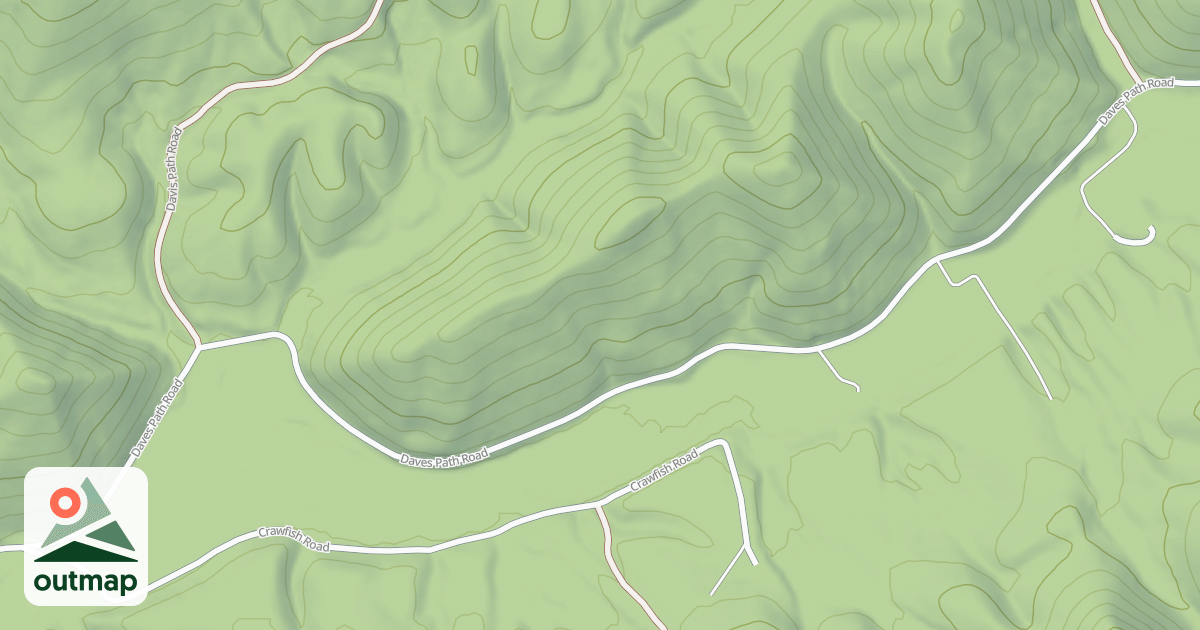 Map of BEAR CREEK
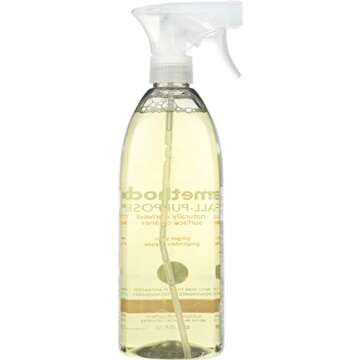 Method, Cleaner All Purpose Ginger Yuzu Spray, 28 Fl Oz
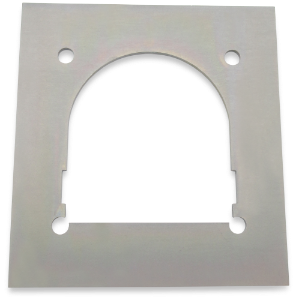 Mounting plate for lashing ring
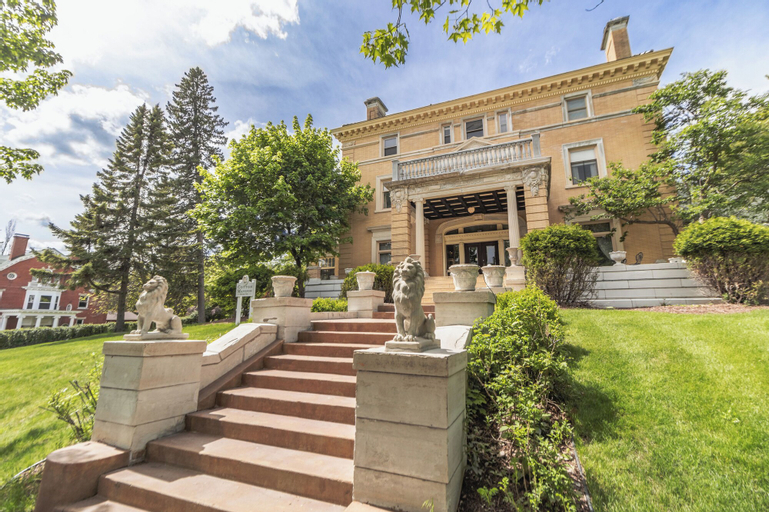 Cotton Mansion, Saint Louis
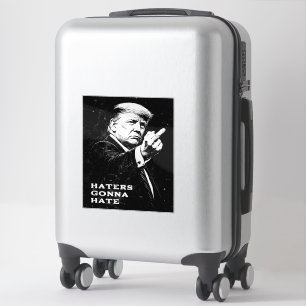 Trump Middenvinger 2026 Meme Grappig Sticker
────────────────
**What you have to do:**
Would you return the data above exactly as written, minus the images?

**Output for this exercise:**
 Map of BEAR CREEK
 Method, Cleaner All Purpose Ginger Yuzu Spray, 28 Fl Oz
 Mounting plate for lashing ring
 Cotton Mansion, Saint Louis
 Trump Middenvinger 2026 Meme Grappig Sticker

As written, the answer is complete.